Additionally, there are individuals who have partnered with Palmer to help the ministry be as efficient as possible.
“A lady who lives in England sings and sells her CDs to help us. She donates a lot to us. Her name is Sister Peggy,” Palmer noted.
But the help that makes Palmer most proud is that which she receives from former street people who have “moved on” into better positions.
“There was a lady who lived under the bridge in Ocho Rios and we worked with her until she got baptised and got a job and is doing much better… Now she is donating clothes and helps to give back clothes to them. She was a drug addict for 30 years. It’s just patience and time; this is what the Lord can do,” Palmer noted.

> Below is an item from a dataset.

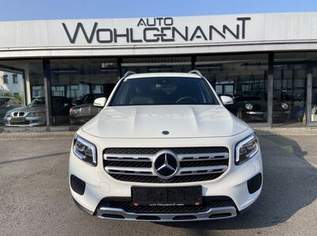 GLB 200 d 4Matic (247.613), 31990 €, Auto & Fahrrad-Autos in 6890 Lustenau GLB 200 d 4Matic (247.613), 31990 €, Auto & Fahrrad-Autos in 6890 Lustenau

“Another one just called me about a week ago to tell me she is in Massachusetts and she is enrolling to go to college. They try to give back, those who have moved on and are doing better,” she added.
“There is a gentleman who was here with us for some time; he is now in St Elizabeth where he is working as a farmer planting peanuts and those things. He came back the other day and was able to purchase some things for the group,” Palmer told the Sunday Observer.
The ministry has grown over the years, as not only does she conduct Sunday morning fellowship, Palmer and her team also operate a soup kitchen thrice weekly that serves up to 80 people at each sitting. This she does with the Methodist Church in Ocho Rios, which has given her the building from which to operate. She also does a Bible study weekly with interested street folk.
Her work has now advanced to helping reunite people with their relatives — whether overseas or locally — and also aids in arranging job opportunities for them.
“A lot of them have nice homes with nice families, and what we try to do too is reunite them with their families, especially those who are abroad. So I try to keep in touch with many of the families and for those who we can help to get jobs, like a day work, we do. Sometimes I have to go with them to help them even do the the work,” she said.
“I got a day work for one to help tidy up this house and I had to literally help her to tidy because it was just for one day and the work was a lot. It’s about them. If you get to know them, you will get to love them,” she continued.
After the morning’s fellowship, Palmer and her team walk the streets of Ocho Rios to distribute food to the people who were too ill to attend the makeshift church or just aren’t churchgoers.
Moved by the pressing needs of the homeless, the middle-aged woman said she is now looking to expand her services to St Thomas.
“I used to live in Yallahs in St Thomas and a part of my vision is to extend the ministry to St Thomas in the near future. I have a house there and I would like to use that as the mission house so that I can take the mission there, and if we don’t have as much homeless there, I guess we have like shut-ins and the elderly to assist,” the missionary noted.
“I think I was born for this purpose,” a joyful Palmer told the Sunday Observer. “I just praise God. They rescue me more than I rescue them, because it has brought me closer to God to be more aware that in this life, regardless of what you try to acquire, at the end of the day we all die, we leave this behind. What’s the legacy you’re leaving behind? I’d like for this to continue when I go.”